What the exercise asks:
Return verbatim the lines that run from the one holding "El delantero Stiwart" to the end of the listing, both ends included, without the pictures.

Supplied information:
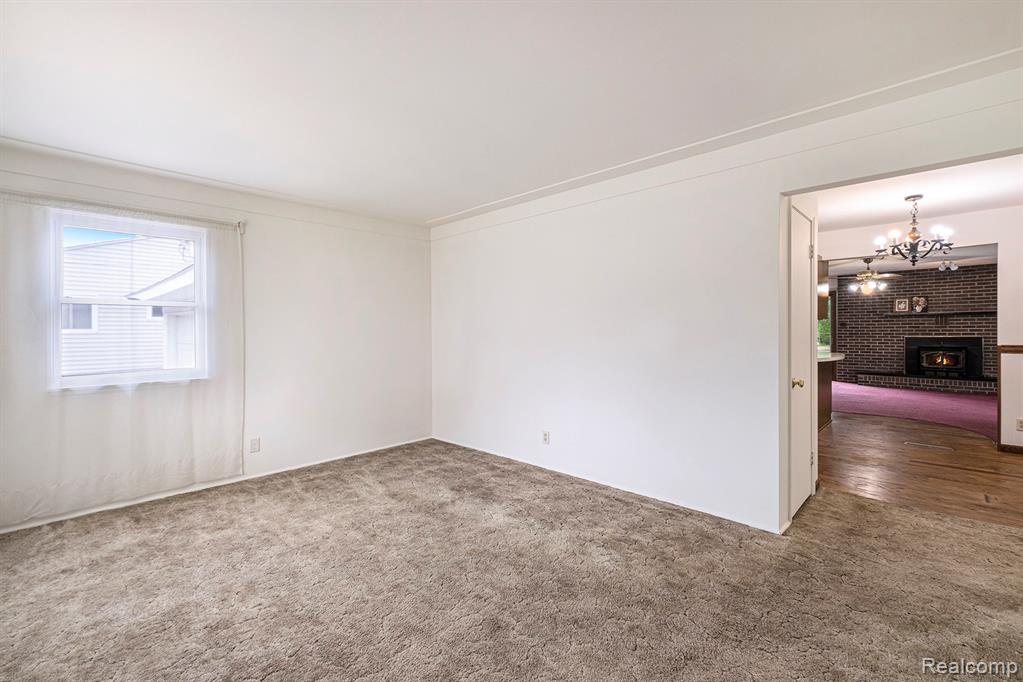 4147 Carmanwood Drive, Flint, MI 48507 — Photo 10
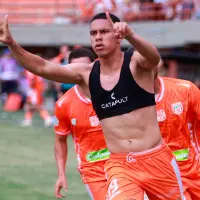 El delantero Stiwart Acuña marcó el tanto de la victoria de Envigado, y el cuadro naranja es el finalista en el torneo de ascenso. FOTO MANUEL SALDARRIAGA 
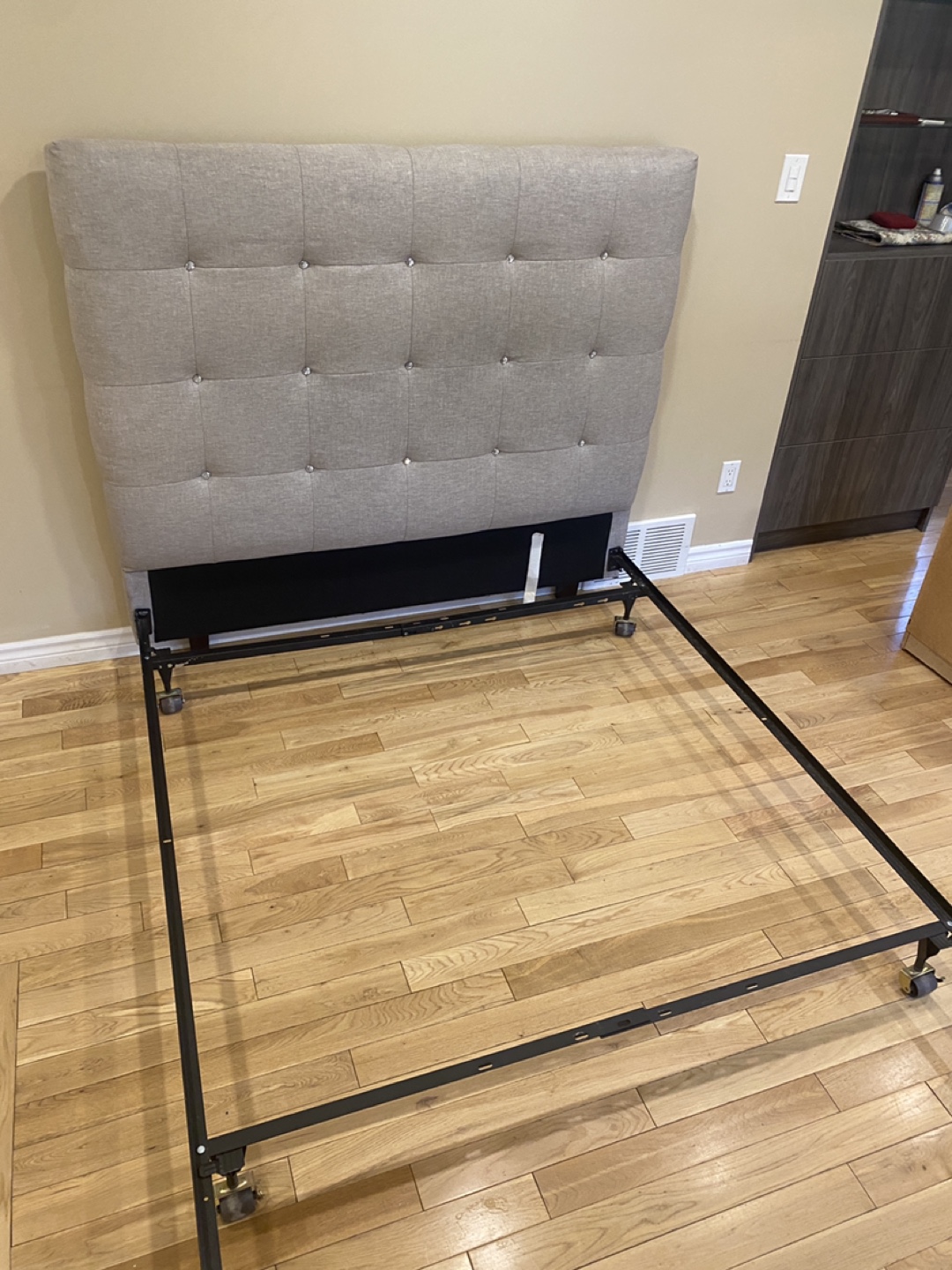 Modern Minimalist Queen Size Bed Frame (CAN DELIVER)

Result:
 El delantero Stiwart Acuña marcó el tanto de la victoria de Envigado, y el cuadro naranja es el finalista en el torneo de ascenso. FOTO MANUEL SALDARRIAGA 
 Modern Minimalist Queen Size Bed Frame (CAN DELIVER)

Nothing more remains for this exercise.